In New Delhi a mural against climate change made with smog
Science, art and activism. These are the words that well describe the activity of Andreco , an Italian artist with a scientific background, which discloses complex issues such as climate change through the visual arts . The latest work is a gigantic mural created in the Lodhi Art District in New Delhi entitled Climate 05 – Reclaim Air and Water , which represents the impacts on health and data relating to air pollution in the city and possible solutions . The project is part of the urban art festival St + art Delhi 2019 and is produced by St + art India Foundation in collaboration with the Italian Cultural Institute of Delhi and supported by Asian paint, Air Ink and other organizations.
The work, created using smog as ink, is part of the fifth stage of the Climate Art Project, the artist’s project started in Paris in 2015 on the occasion of the Cop 21 and who made a stop in Portugal and Venice . The work symbolically depicts the transition of toxic fumes and greenhouse gases, from industrial emissions and from vehicular traffic in a healthy environment with white clouds.
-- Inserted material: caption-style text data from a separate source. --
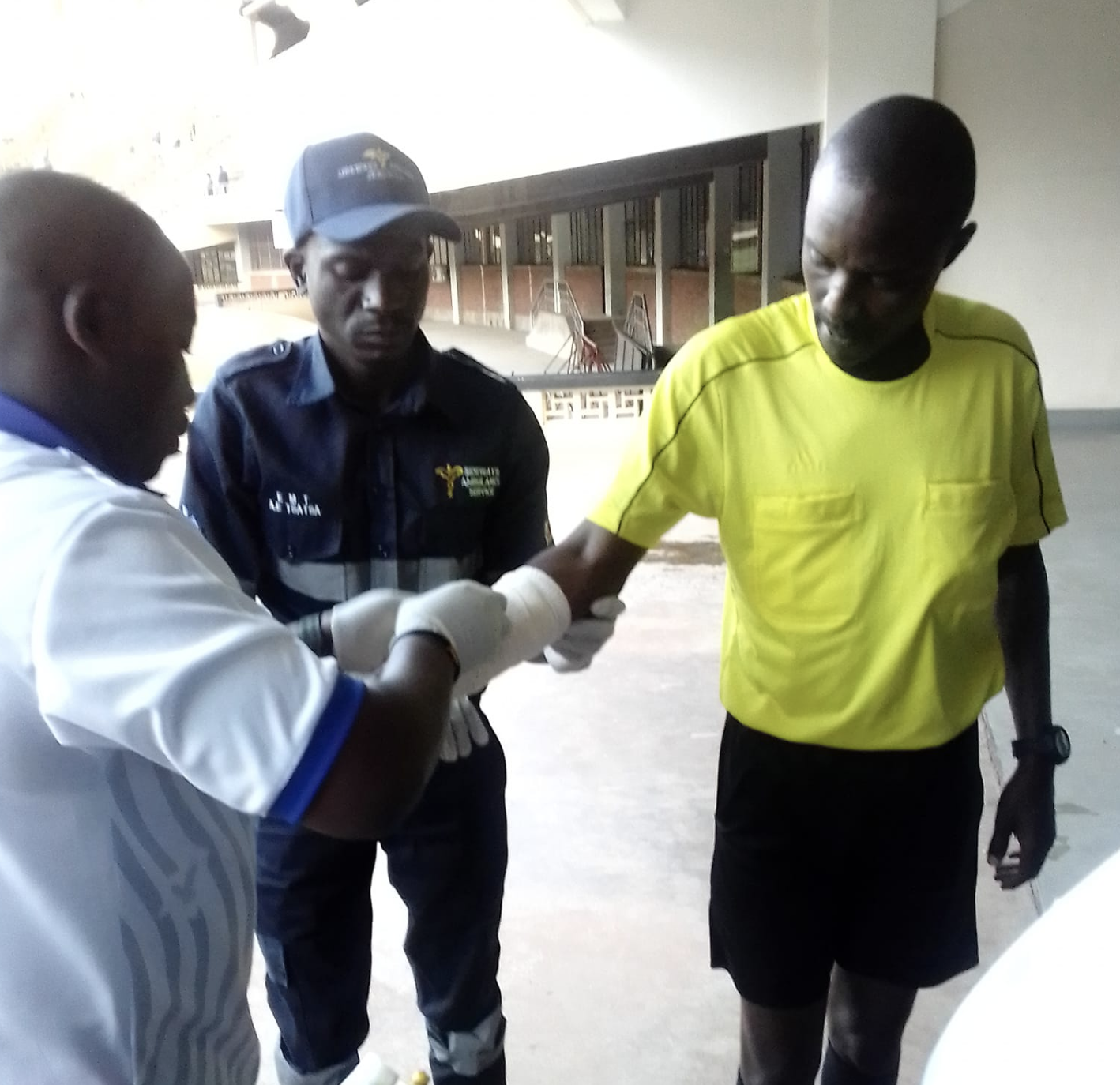Zimbabwe: Angry Dynamos Fans Attack Officials After Another Draw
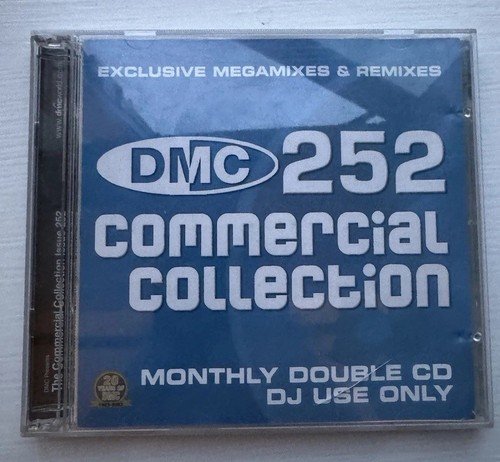 Dmc commercial collection 252 - commercial,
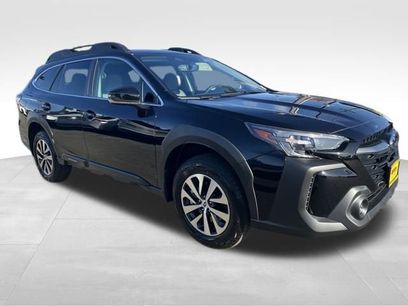 New 2025 Subaru Outback Premium
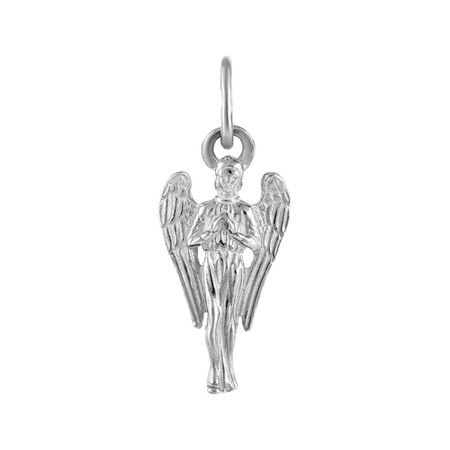 Подвеска Ангел из серебра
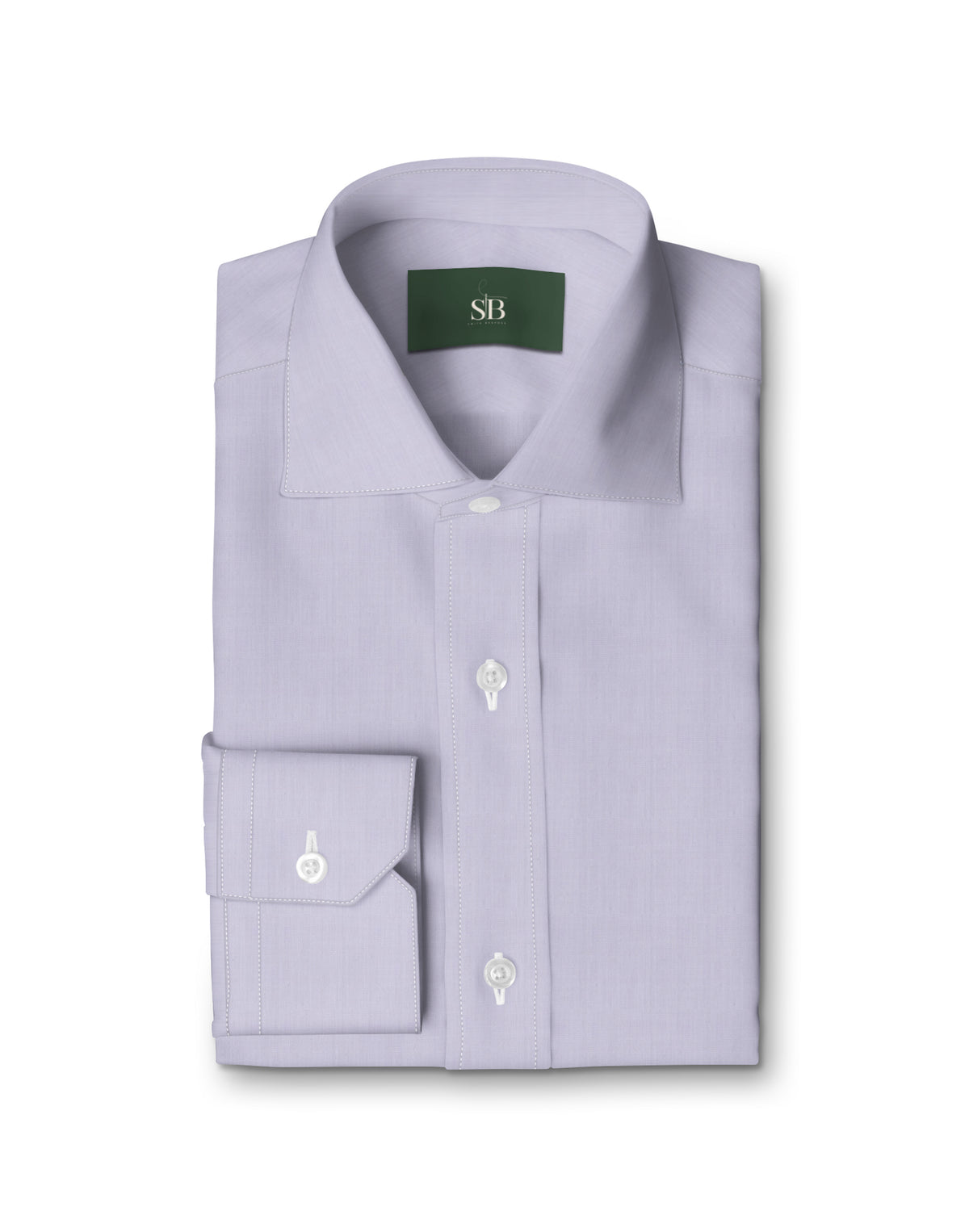 Royal Caribbean Gold Lavender Shirt — folded shirt — FM85514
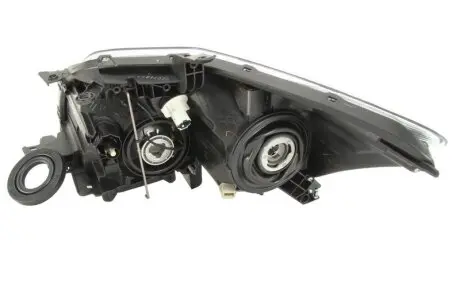 Фара пра. TOYOTA AURIS 07-09 DEPO 212-11M5R-LD-EM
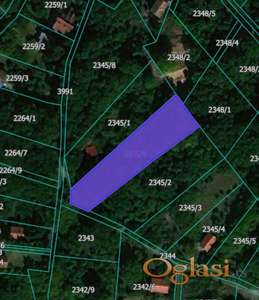 EKSKLUZIVNA PRODAJA - JEFTIN PLAC (S. KAMENICA)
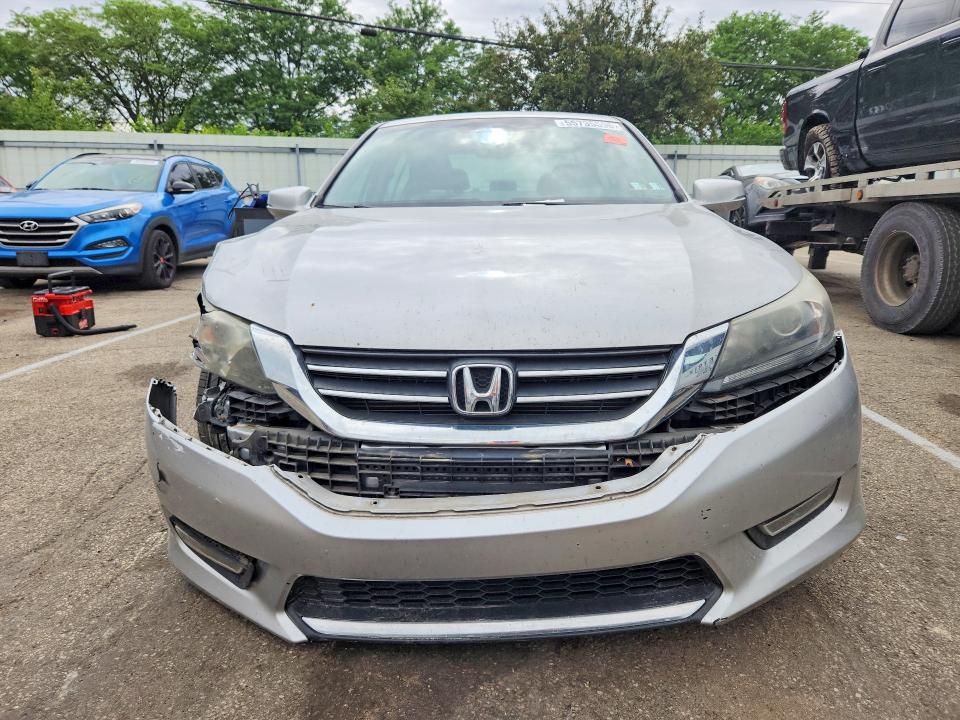 Aukcja sprzedaży 2013 Honda Accord, vin: 1HGCR2F89DA168703, numer aukcji: 55735596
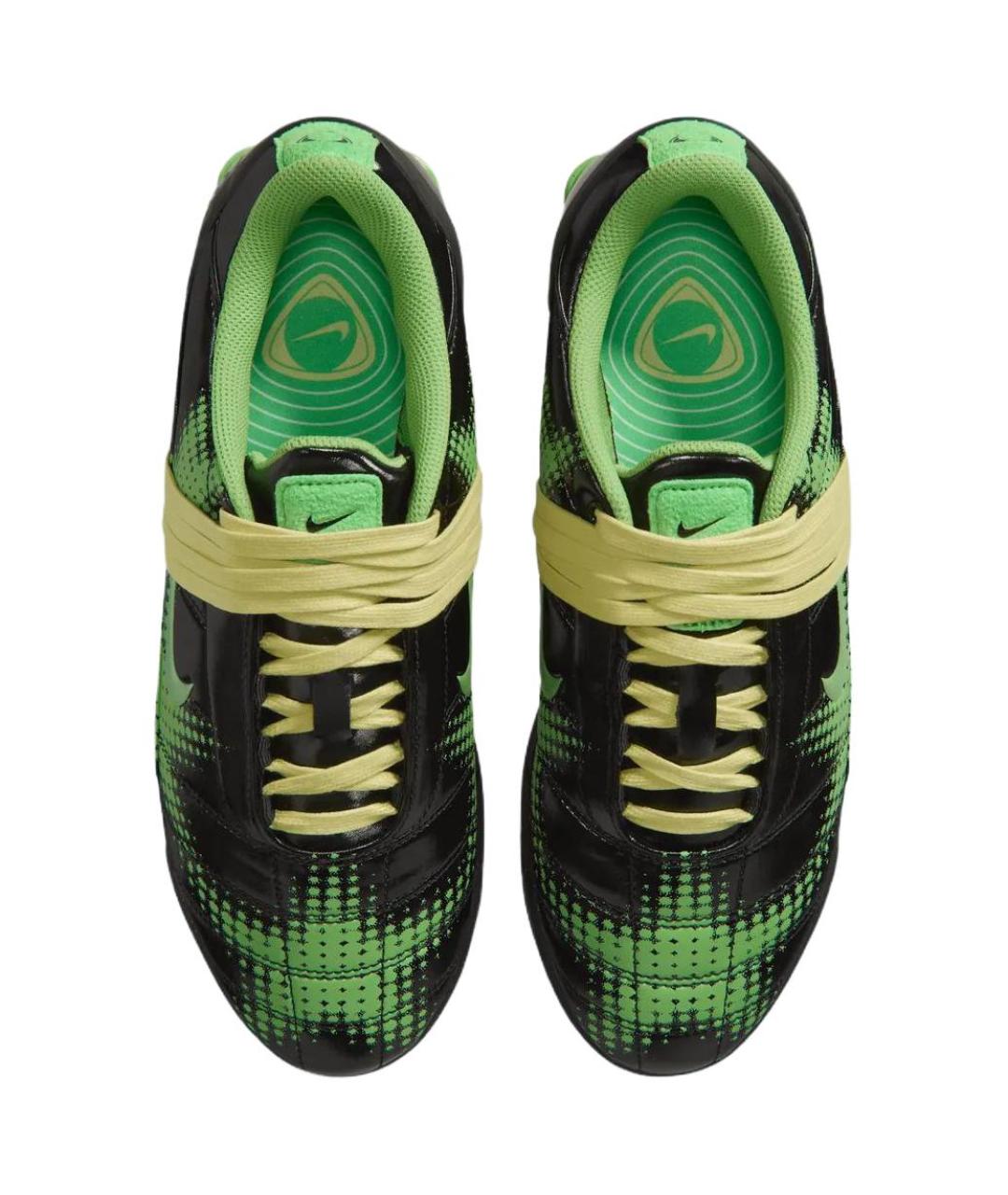 NIKE Черные кроссовки, фото 4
A change made possible by a real tree that stands in the center of the wall . The artist, as often happens in other works, has integrated chemical formulas, graphics and data provided by research centers into the work to form a single conceptual image with a strong visual impact.
“Delhi has been among the most polluted cities in the world since 2018 and with the highest levels of fine particles”, explains Andreco to LifeGate. “ Although everyone is aware of the high levels of air pollution, this is still a very ‘uncomfortable ‘ topic and the environmental associations that have been denouncing it for years do not have an easy life. I found the Cse (Center for sciences and environment), chaired by Sunita Narain, very interesting and collaborative, where there is also the editorial staff of the magazine Down to Earth . They carry out a serious job, they deal with many of the local environmental issues and beyond with data in hand ”. This is how art lent to science can visually communicate issues that concern everyday problems.
But Delhi must not only address the problem of air pollution. The city’s water resources are also in serious danger: the Yamuna River is in extreme pollution conditions, together with the Ganges . Considered sacred places, they obtained legal rights from the Indian court comparable to those of human beings, but, paradoxically, they are among the most polluted waterways on earth. “The government in recent years has closed the coal plants in Delhi, but many are still active in India,” continues the Italian artist.
At the inauguration of the opera there was also a collective performance, which involved the local population of all ages, crossed the Lodhi district, with songs, slogans and large flags, to arouse a other reflection on pollution and on the possible forms of individual and collective action. “The kids who came to the parade were very motivated, but I don’t think they are representative of society, there were also many children, very combative, perhaps we need to hope for the new generations”.